Edith Schaeffer has shaped the way I think of family and life. In one of her books, she uses the simile of life as a mobile, constantly shifting and moving, never static or completely stationary. It sounds so poetic and so artistic. I love thinking about all the delicate moving pieces, gently suspended, shifting and shining in magical ways.
Sometimes, though, the reality of life as a constantly changing mobile maddens me. I love control, order and predictability. I am off-the-charts methodical. I loved organic chemistry because its nomenclature system was ironclad. I love organizing closets as much as my kiddos love destroying them. I resist change, even in the form of a modest rearranging of furniture or a new brand of bread.

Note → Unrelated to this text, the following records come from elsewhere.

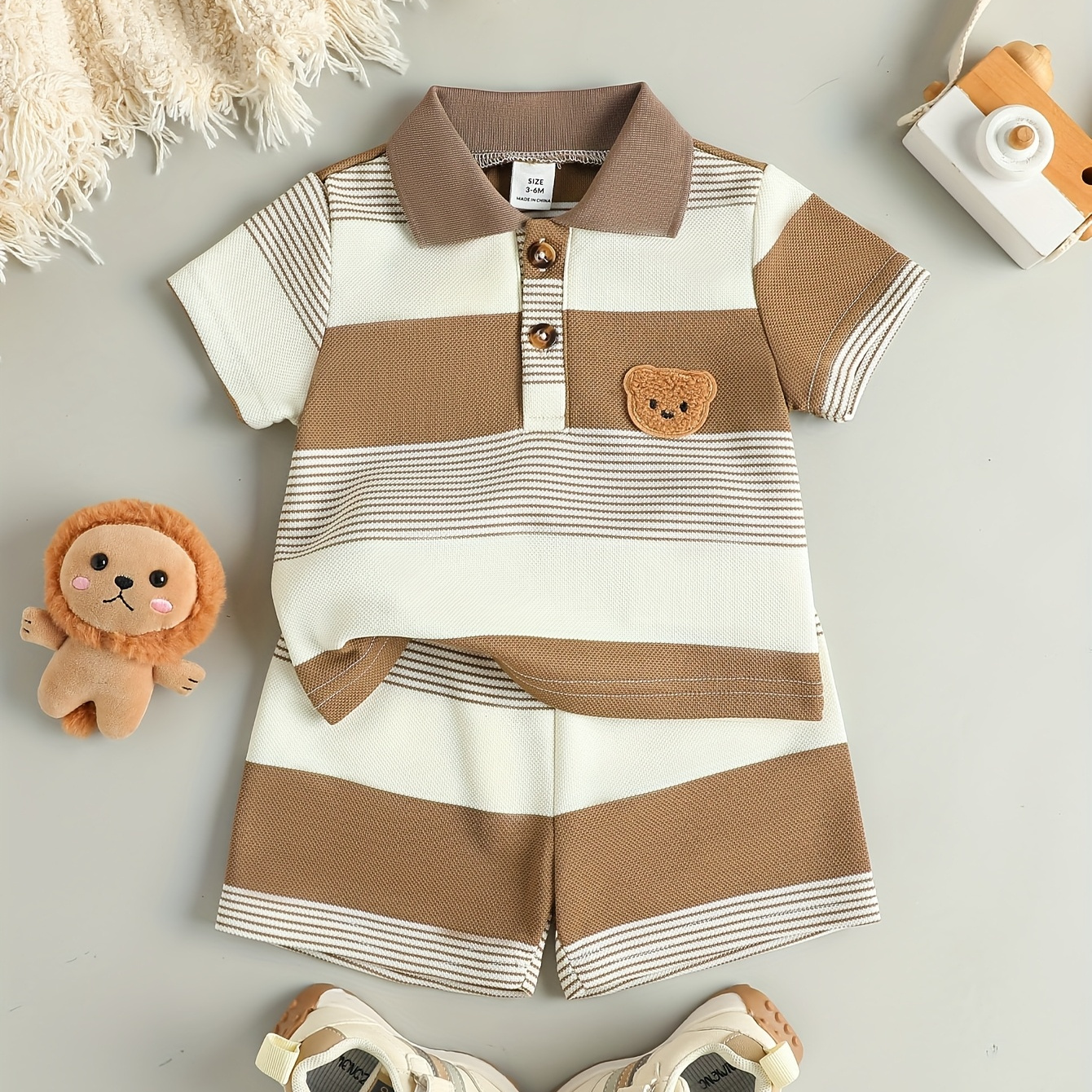 Novo Conjunto de Moda de Verão para Meninos: Camiseta de Manga Curta com Estampa Listrada Aleatória e Shorts Listrados Casuais Versáteis, Conjunto de 2 Peças, Perfeito para Atividades ao Ar Livre e Volta às Aulas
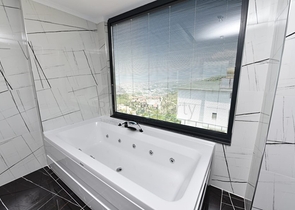 لعشاق الفخامة والتميز - تصميم حديث -اطلالة بحر وقلعة - كارجي جاك / لانيا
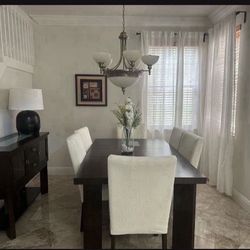 8 Pieces Steve Silver Dining Set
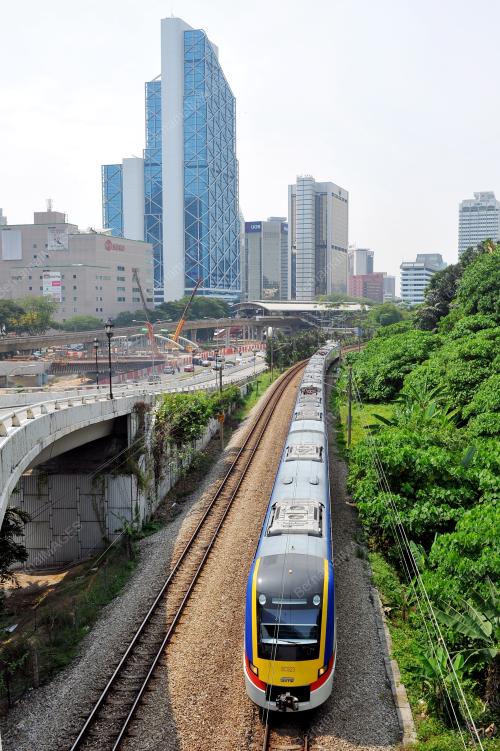 KL05_24032015_KOMUTER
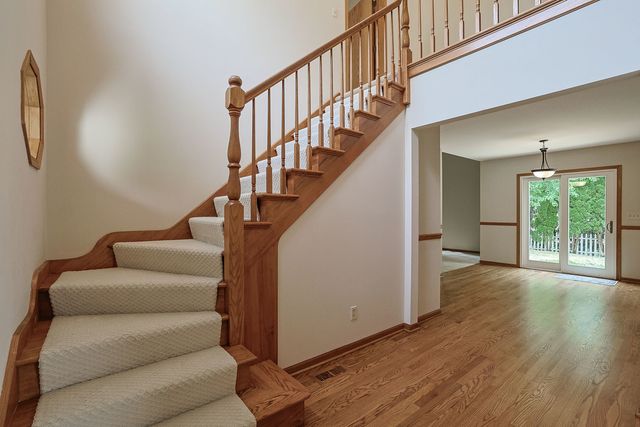 3191 Village Green Drive, Aurora, IL 60504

Don’t get me wrong, God is not opposed to order. After all, He is responsible for an ordered universe full of constants like Avogadro’s number, gravity, photosynthesis, not to mention the highways of unseen metabolic pathways that run our bodies daily. God as brilliant and ordered engineer and scientist.
At the same time, God loves process and seasons and change. He is the God who dreamed up the incredible complexities of life cycles in the butterfly, the fern, the jellyfish, and most notably the human. He is the God of literally infinite designs of fingerprints and zebra stripes and giraffe spots. He paints parots with a full pallete of colors; He delights in nuiances and variations. God as quirky artist, always pushing the boundaries of the known and measurable.
He is always and completely both in a way our primarily right or left-brained selves cannot comprehend or imagine. Dynamic and static are two of his tools, both powerful and beautiful.
Today, I went running and praying, praying and running, attempting to get the root of the galvanized grumpiness I’ve sensed in my heart lately. Two blocks into the mental and phyusical exercise, the Lord helped me realize that, once again, I have been working hard to create a stability and permanence that will constantly evade me. A God-given deep desire for constancy has led me to silly attempts to glue down the pieces of the mobile that is my life. “These are my friends, these are my children, this is our home, this is my role, this is our church from here to kingdom come. Someone, give me a hot glue gun, I am setting things in semi-permanence over here.”
I have been fighting against the magicical and maddening truth of life as mobile, and in the process, my joy and awe and wonder have been taking a hit.
Constancy is necessary to a mobile. The components of a mobile must be anchoroed at the base somehow, and God, the only unchanging and utterly faithful One, is the anchor that secures and holds each kinetic work of art that is a life. He will not budge or break or rust. It is the anchor that allows for the beautiful, unpredictable movement of the mobile.
Movement and change are equally necessary for mobiles, otherwise they would not be mobiles. Sometimes the movements are slow and nearly impercetible, othertimes they are drastic and daring, but movement is a must for a mobile.
Anchored constancy and magical, maddening movement: yet another both/and (rather than either/or) that must be embraced in our stories within God’s greater story.